Comme nous l’avons dit déja, Ricimer fut plus heureux à conjurer la tempête qui le menaçoit du côté des Gaules, qu’à conjurer celle qui venoit du côté de l’Afrique. Les Visigots suscités apparemment par ses menées, donnerent tant d’affaires à Egidius, qu’il ne fut point en état de passer les Alpes, pour lui aller demander raison du meurtre de Majorien. Voici ce qu’on lit dans Priscus Rhetor à ce sujet. » La guerre qu’Egidius eur à soutenir dans les Gaules contre les Visigots qui vouloient étendre leurs quartiers, l’empêcha de passer en Italie.

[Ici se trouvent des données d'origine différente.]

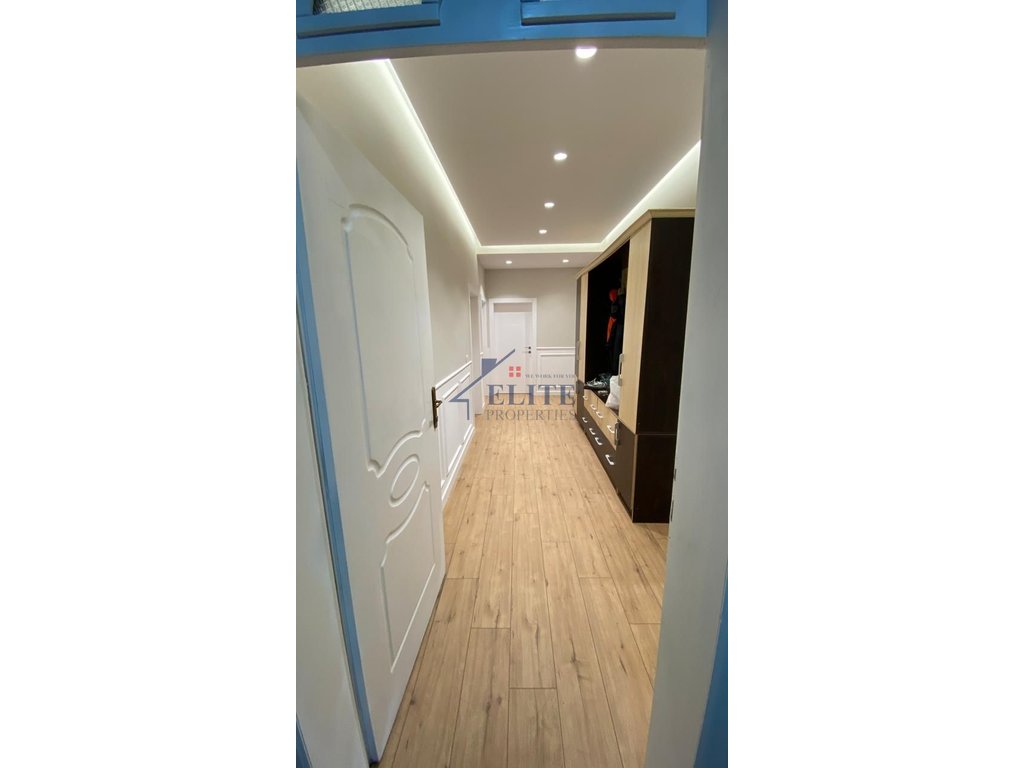 Rruga Besim Alla Yzberisht, vilë në shitje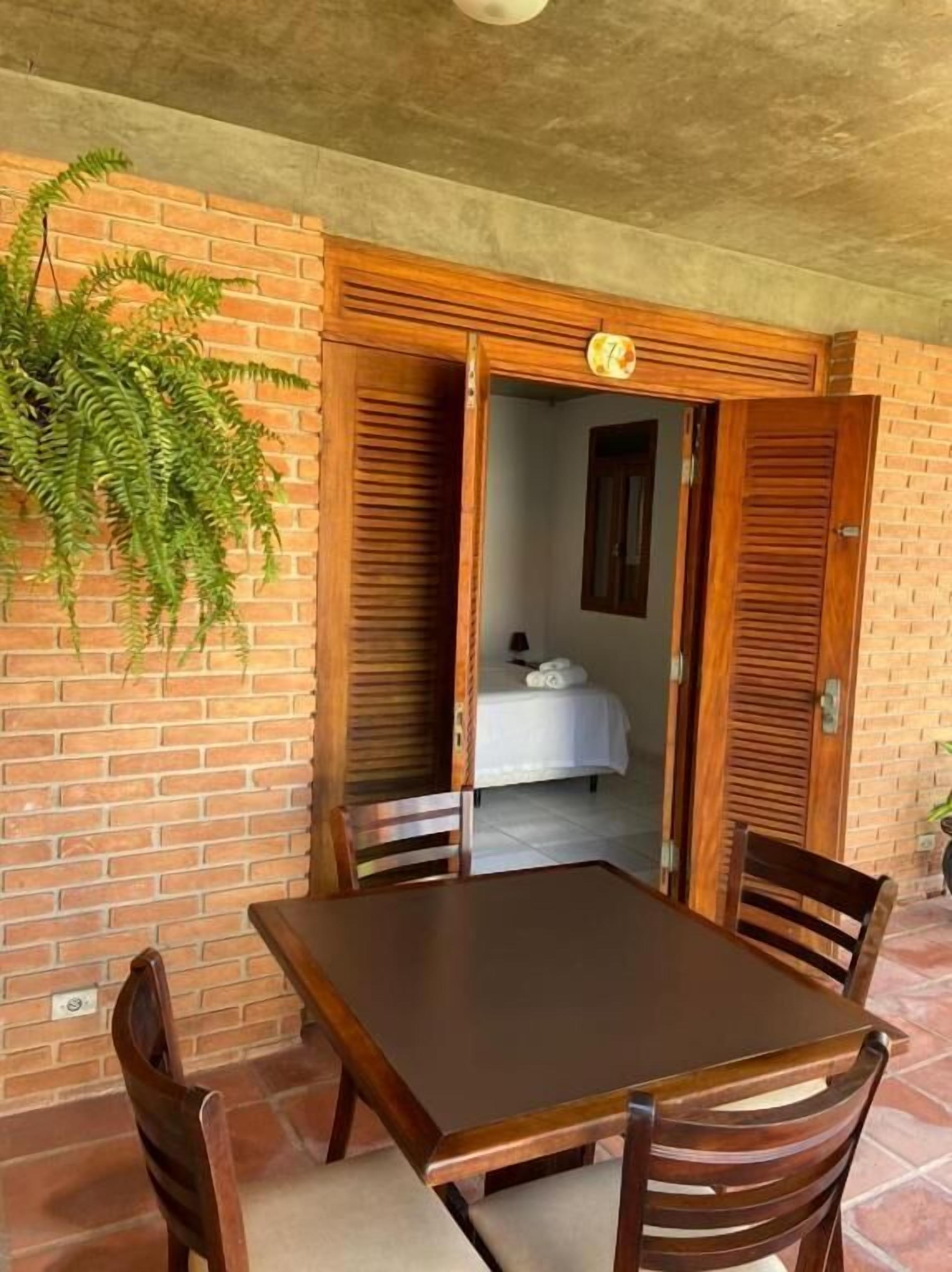 Comfort driepersoonskamer, veranda, uitzicht op tuin | Buiten dineren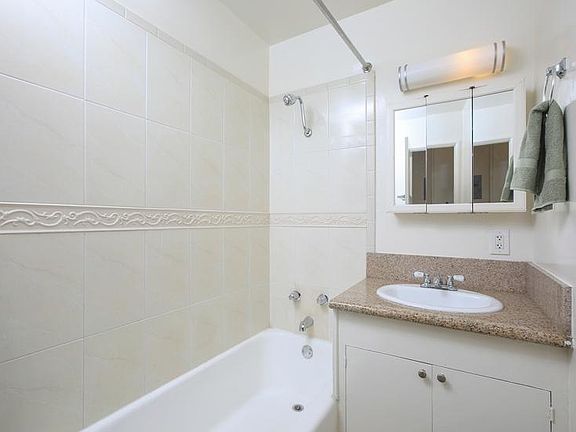 4th image of 1806 Grevelia St #1806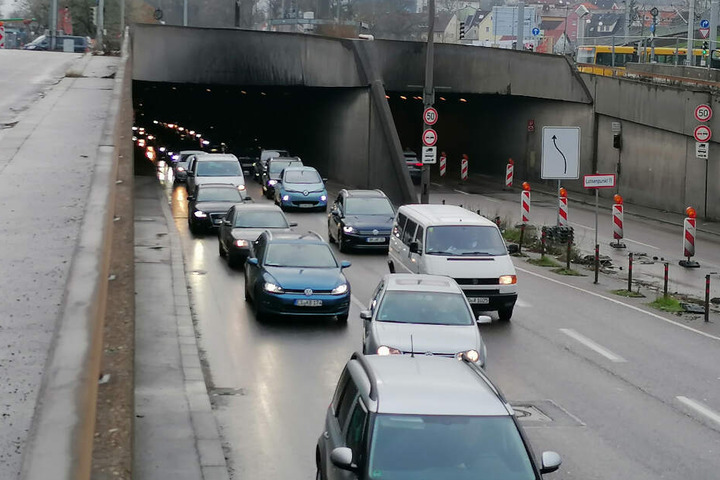 Auf der B14 bildet sich Stau.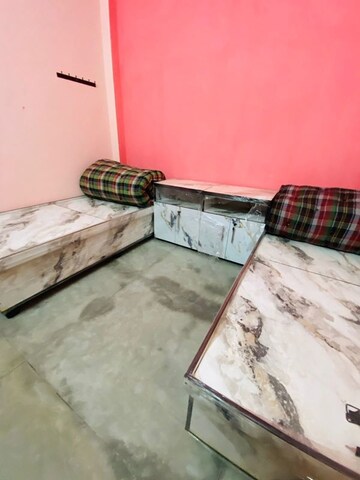 Room in  Pg at Vineet Khand – for Rent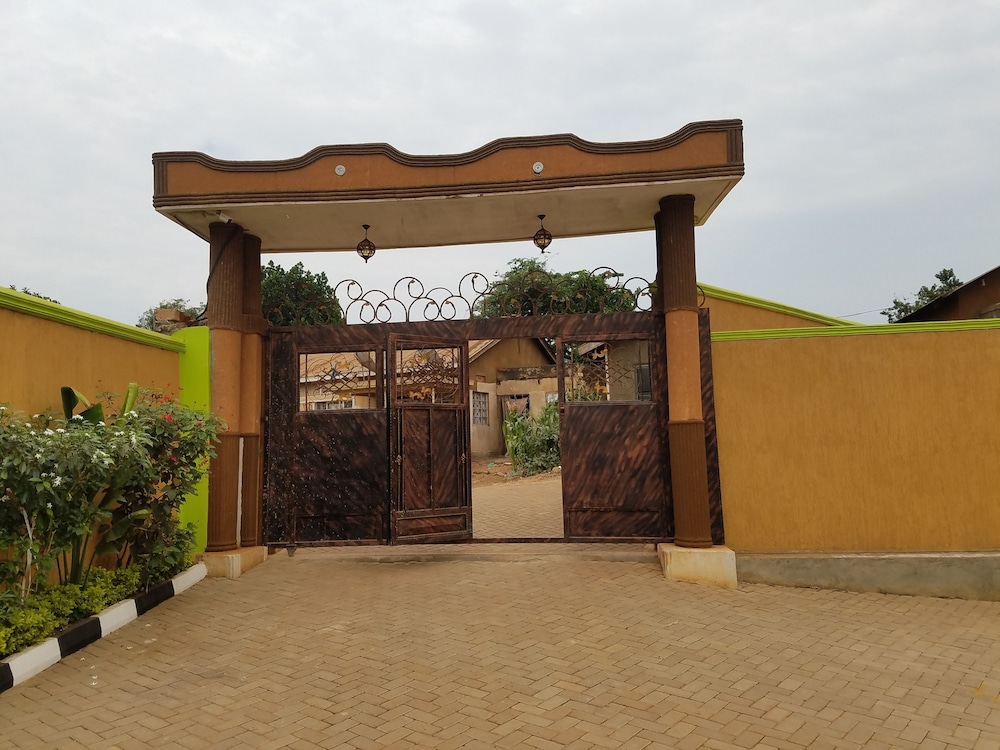 Sibyangu Standard Hotel 18/20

Il fit dans le cours de cette guerre plusieurs exploits dignes d’un homme de courage & d’un grand Capitaine. » Mais avant que d’entreprendre d’expliquer et de ranger par ordre le peu que nous sçavons concernant les évenemens de cette guerre-là, où Childéric eut tant de part, il convient de parler du rétablissement de ce prince sur le trône des Francs, comme des motifs qui engagerent Egidius à y donner les mains, et peut-être à s’en faire le promoteur. On ne sçauroit penser autrement quand on fait attention aux conjonctures où ce Romain se trouva, lorsque Severus eut été proclamé empereur, et aux expressions dont se sert Gregoire de Tours en parlant de l’union qui fut entre Egidius et Childéric après le rétablissement du dernier.

  1. Petav. Rat. Temp. lib. 6.
  2. Petav. Rat. Temp. lib. 6 page 363.
  3. Petav. Rat. Temp. lib. 6. pag. 365.